**What is required**
Below are entries; repeat exactly, and nothing else, the lines from the one holding "Voir détails -Citroen" through the one holding "Fly Tying Material twisted Fly Tying Thread", inclusive. Leave the pictures out.

**Records supplied**
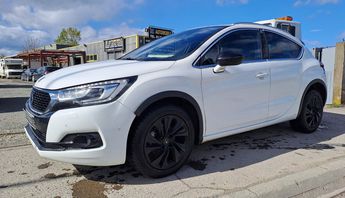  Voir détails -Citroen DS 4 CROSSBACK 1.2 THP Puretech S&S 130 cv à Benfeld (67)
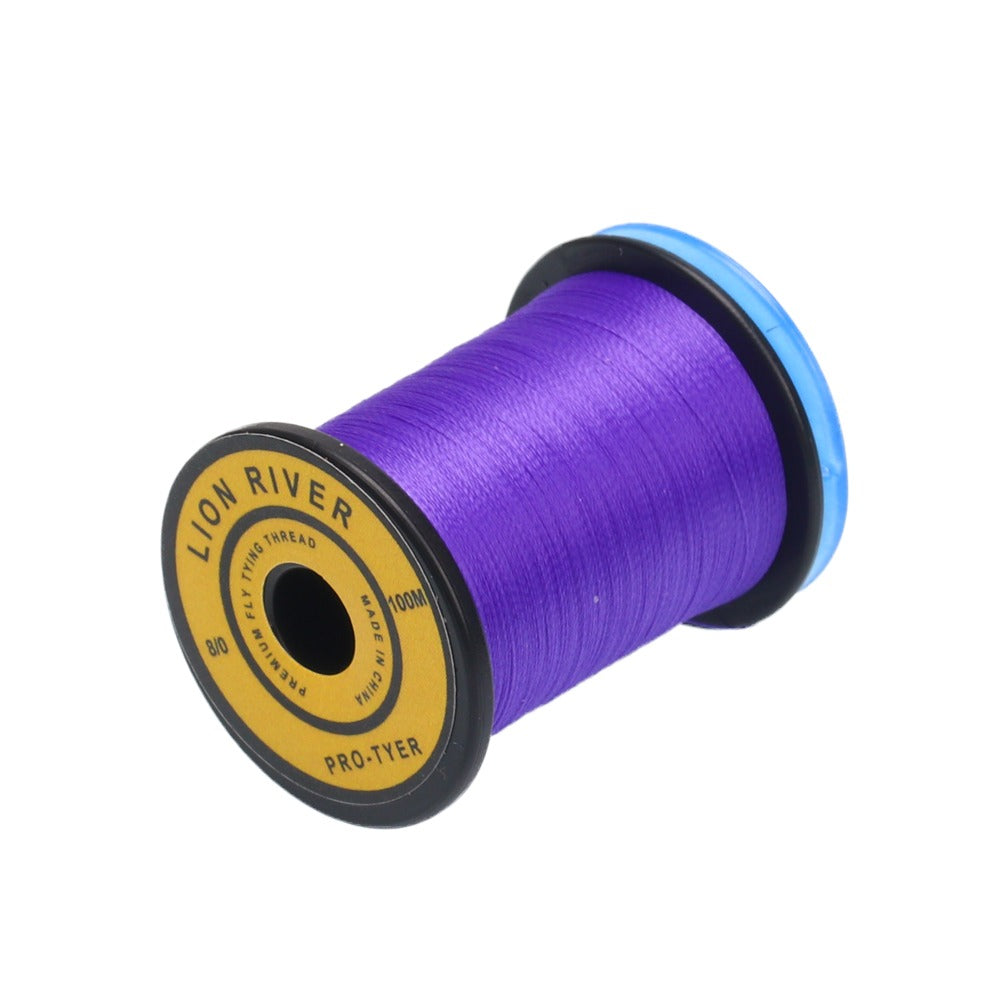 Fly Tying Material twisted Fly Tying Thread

--

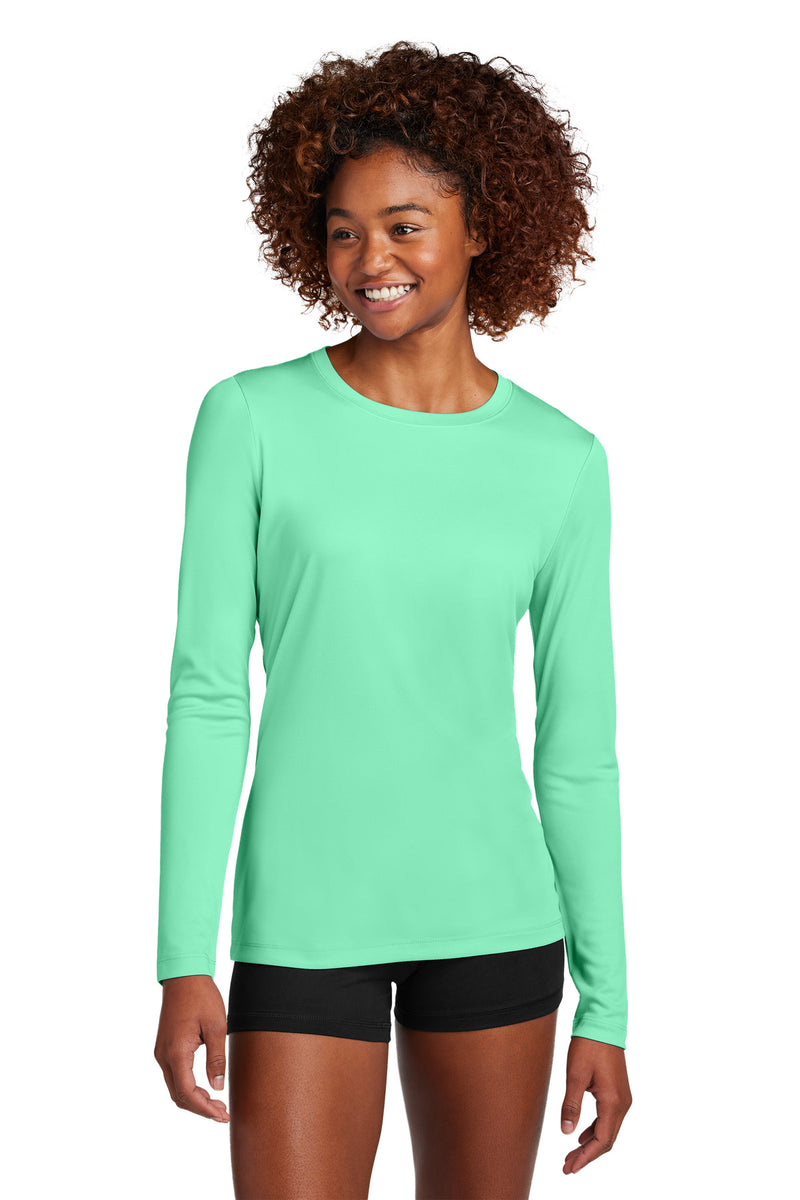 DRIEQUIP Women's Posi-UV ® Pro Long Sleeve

**Answer box**
  Voir détails -Citroen DS 4 CROSSBACK 1.2 THP Puretech S&S 130 cv à Benfeld (67)
 Fly Tying Material twisted Fly Tying Thread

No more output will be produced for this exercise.